I'm sure there are many approaches. Perhaps some of the others have more ideas.
Sander_Marechal

Dec 22, 2010
1:07 AM EDT
How about FengOffice, a GoogleDocs-like application that you can run on your own servers?
hkwint

Dec 22, 2010
4:10 AM EDT
Thanks for the suggestions!

I'll look into FengOfiice, never heard of it. Sounds like a great alternative! If it "saves the day" I'll write an article about it.

Our basic table is one column and about 2k rows of some kind of 'technical drawing numbers', so very basic. That's why we currently work with a spreadsheet. When splitting the numbers in more manageable pieces and including some additional info, we reach about 6 columns. So this is really peanuts.

Using my own MySQL server (I have one running on a VPS) might be interesting too, but I don't know which frontend to use. I mean, how do we enter data from the web into the table? How do I make a website to display the list / table on a website, and make it easy to sort it? I know I can write something in PHP, but I'm only a beginner when it comes to PHP, so I'd rather use some pre-coded solution. So I have the 'backend' running, but I'm not sure which frontend to choose and how to install (server is Debian Lenny). I have phpMyAdmin running, but it's too elaborate and pretty clumsy to enter actual data.

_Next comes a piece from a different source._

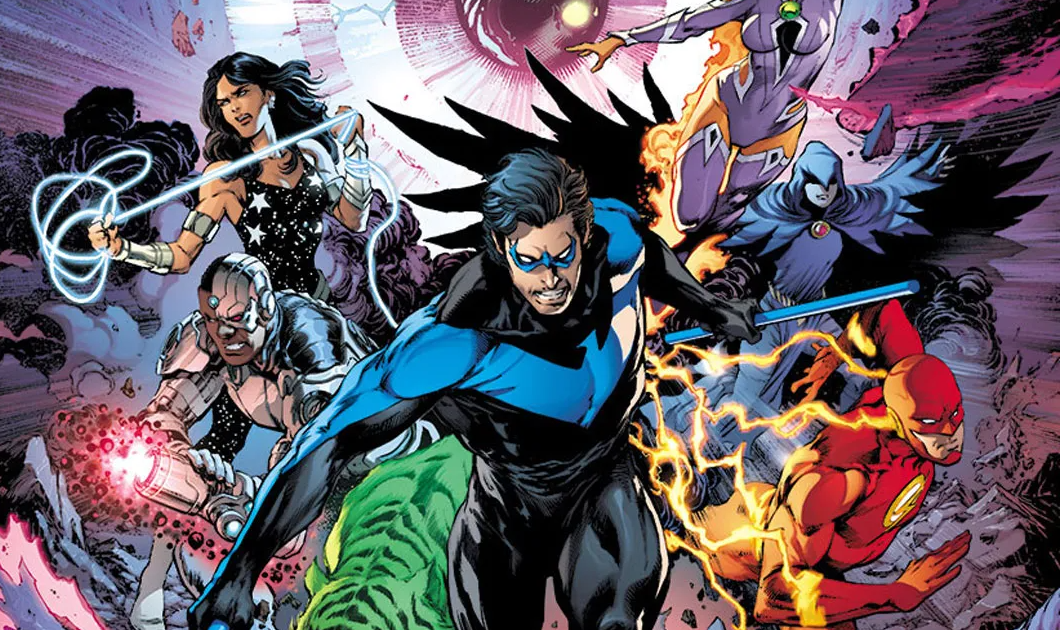 Cropped cover of Titans issue 5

Maybe I'm stupid, I've Googled (see, I'm pretty pragmatic) and read some websites about possible front-ends, but haven't figured out yet.
dinotrac

Dec 22, 2010
9:36 AM EDT
Hans --

Go over to the dark side! Google Docs are really sweet for this kind of use.

Not to mention easy.
hkwint

Dec 22, 2010
9:43 AM EDT
As far as I can tell, FengOffice is 'paid'.
Scott_Ruecker

Dec 22, 2010
11:54 AM EDT
Yes Hans, listen to Dino.. Google docs is cool..and we have cookies. lol!

Sander_Marechal

Dec 22, 2010
2:48 PM EDT
@Hans: Yes, it's paid, unfortunately. It's predecessor GooOffice was open source, but only did spreadsheets. Maybe you could dig it up somewhere.

As for MySQL frontends, there are basically two kinds. There are frontends like PhpMyAdmin that you can use to administer your database. But you need to know how to work with SQL etcetera. The other kind is more like the "forms" you get in MS-Access. It's meant for users, not DBAs. Something like vFront for example: http://www.vfront.org/
hkwint

Dec 23, 2010
3:50 AM EDT
Indeed, something for users and not administrators is what I'm looking for! I'll put it on my agenda, probably monday.